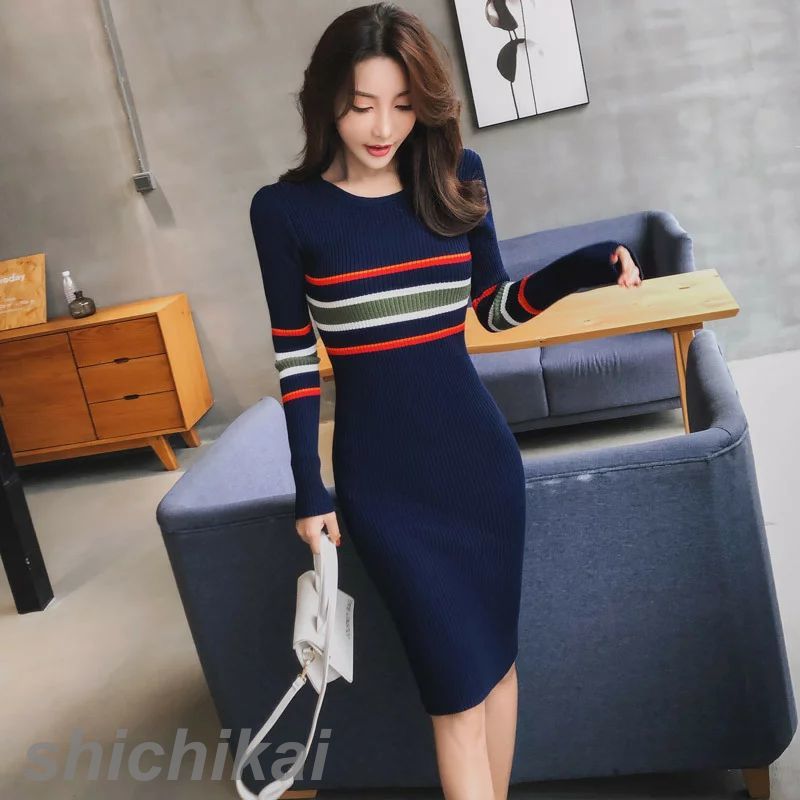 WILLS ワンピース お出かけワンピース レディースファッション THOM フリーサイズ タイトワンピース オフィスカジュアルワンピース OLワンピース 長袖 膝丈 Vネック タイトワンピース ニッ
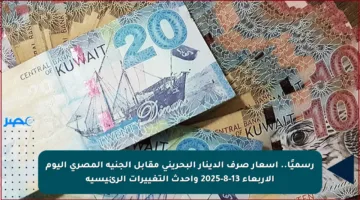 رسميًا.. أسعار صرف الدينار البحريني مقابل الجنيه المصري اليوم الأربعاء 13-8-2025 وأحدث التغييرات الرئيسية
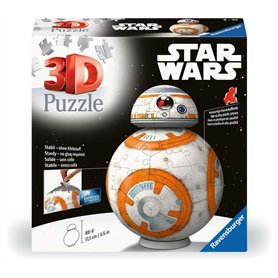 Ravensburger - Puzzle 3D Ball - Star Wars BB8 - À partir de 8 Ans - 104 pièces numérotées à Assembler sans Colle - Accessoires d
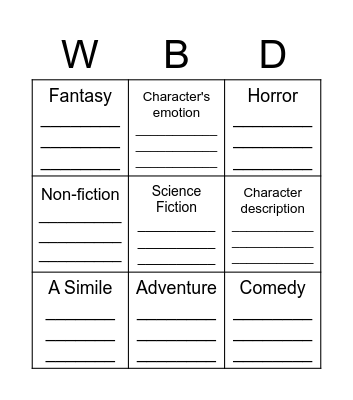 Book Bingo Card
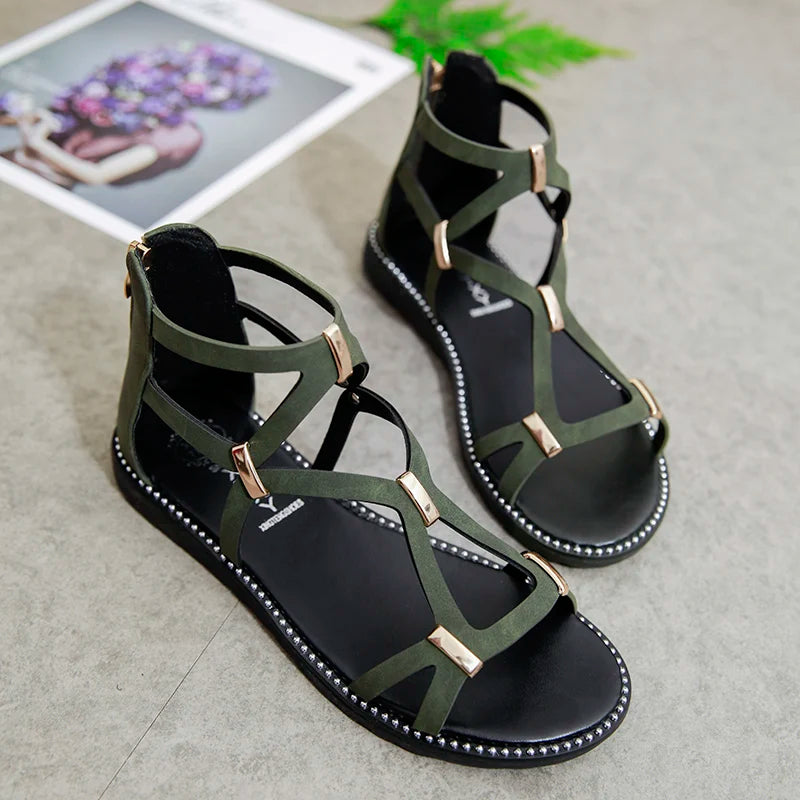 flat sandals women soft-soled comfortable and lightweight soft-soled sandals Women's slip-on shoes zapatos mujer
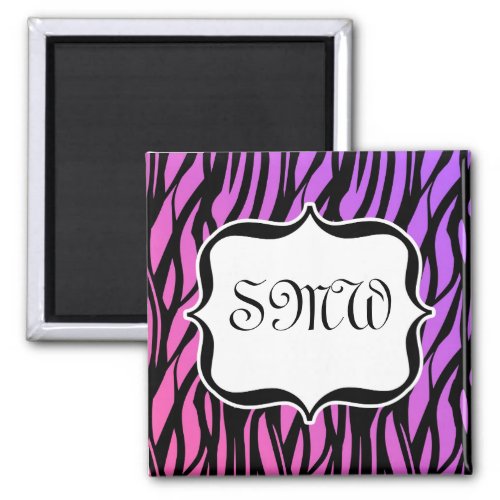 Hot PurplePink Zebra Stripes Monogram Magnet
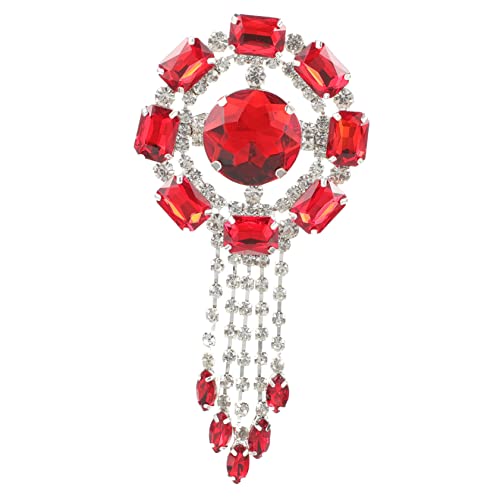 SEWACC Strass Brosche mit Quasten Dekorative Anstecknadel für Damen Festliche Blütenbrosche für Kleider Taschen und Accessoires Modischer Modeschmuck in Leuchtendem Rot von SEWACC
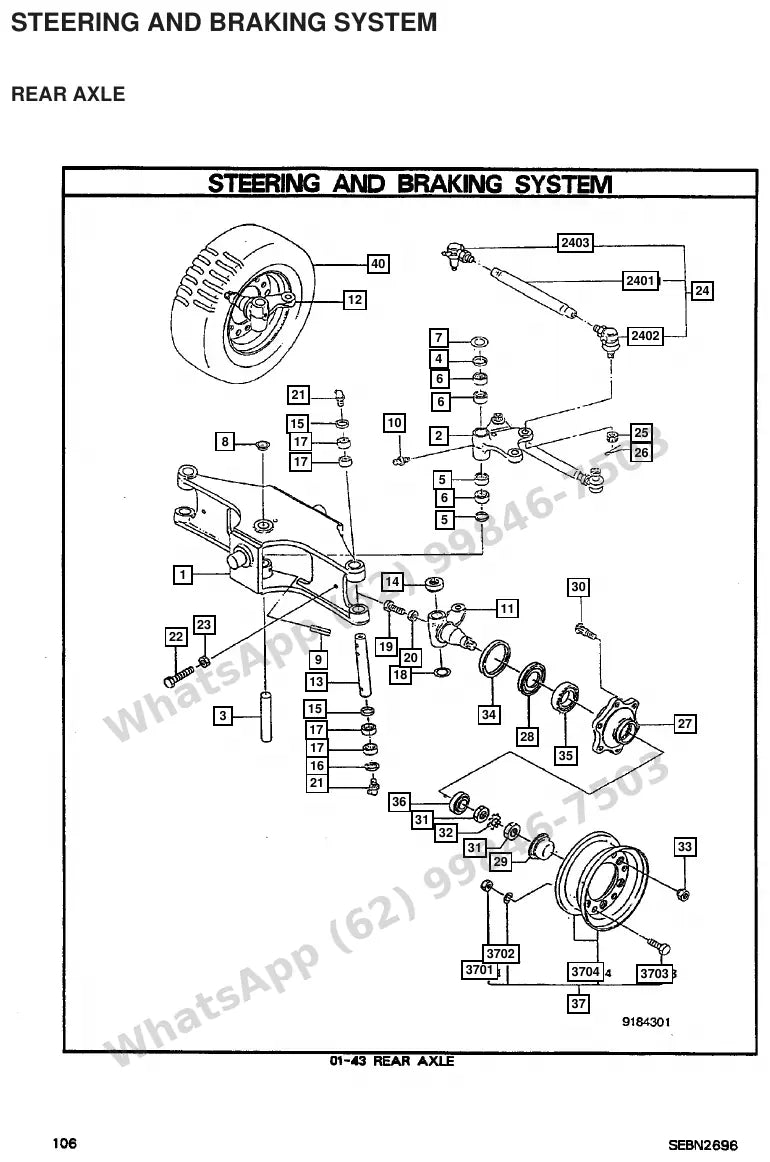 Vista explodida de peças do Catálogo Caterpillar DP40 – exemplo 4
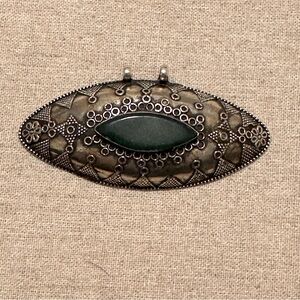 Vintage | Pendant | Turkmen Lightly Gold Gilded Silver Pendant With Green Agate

________

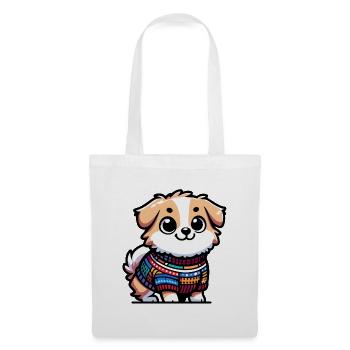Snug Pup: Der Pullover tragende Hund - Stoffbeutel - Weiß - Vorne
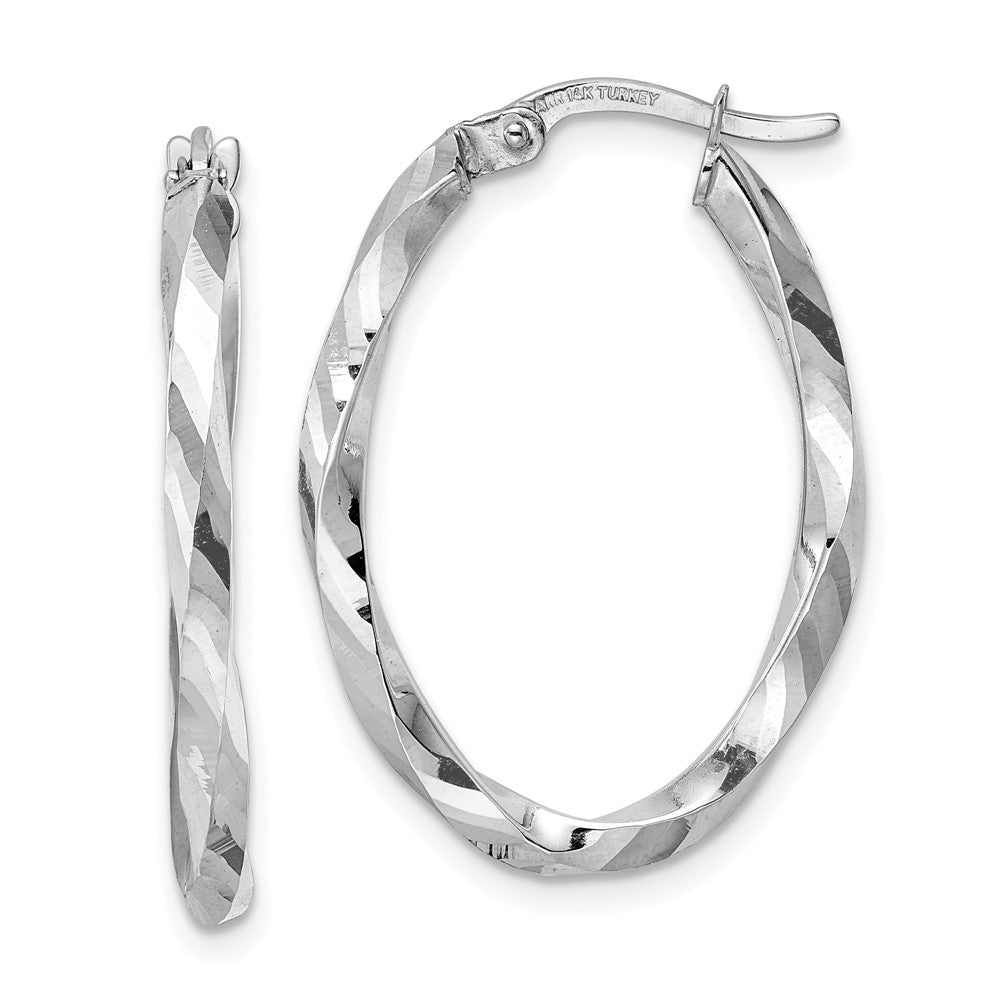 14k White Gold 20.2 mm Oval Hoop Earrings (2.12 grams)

________

WHAT IS BEING ASKED: Write out, word for word, the stretch of entries that begins at the line with "flat sandals women" and ends at the line with "Hot PurplePink Zebra Stripes Monogram Magnet". Pictures do not belong in it.

ANSWER SECTION:
 flat sandals women soft-soled comfortable and lightweight soft-soled sandals Women's slip-on shoes zapatos mujer
 Hot PurplePink Zebra Stripes Monogram Magnet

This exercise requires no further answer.